Between 2010 and 2015 he was Academic Director of the Interdisciplinary Research Program Cultural Transformations in the Age of Globalization (KULTRANS) at UiO. The project was important in that it sought to produce innovative research by recruiting scholars from across many disciplines and encouraging a new generation of researchers who are able to navigate across disciplinary boundaries. In 2014, Jordheim went on to become the Principal Investigator for the project Synchronizing the World, funded by the Norwegian Research Council. The project produced path-breaking ideas in the theory of multiple temporalities.
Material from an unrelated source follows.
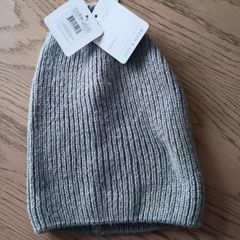 Lemon Light gray ribbed knit beanie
The work done in the project paved the way for the NRC-funded project, Lifetimes: A Natural History of the Present, running from 2018 until 2023, where Jordheim serves as Principal Investigator. The project was kicked-off by the team spending one year at the Centre for Advanced Study in Oslo, under the guise of the project In Sync.
Teaching
Since the start of his career Helge Jordheim has undertaken a wide range of teaching activities. Between 1997 and 2008 he taught courses in German, European and World literature at UiO. After becoming Professor in Cultural History at University of Oslo in 2012, he has taught courses in the field of European Cultural History from Early Modern time till today on the history of knowledge, the cultural history of time, cultural memory, as well as courses about theory and method. In 2015-2016, during a research visit at New York University, he taught undergraduate and graduate courses on “Conceptualizing the World” (co-taught with Clifford Siskin) and “The Cultural History of Time”. Since 2016 he has functioned as the Head of the PhD program at the Department of Culture Studies and Oriental Languages at UiO, organizing and/or teaching 6-7 research seminars per year.
He has been a visiting scholar at numerous international institutions, including Leibniz Center for Literary and Cultural Research (2008-2009), University of Gothenburg (2010-2011), and Centre de recherches politiques Raymond Aron (spring 2012). He is also Professor II of German Studies at Norwegian University of Science and Technology.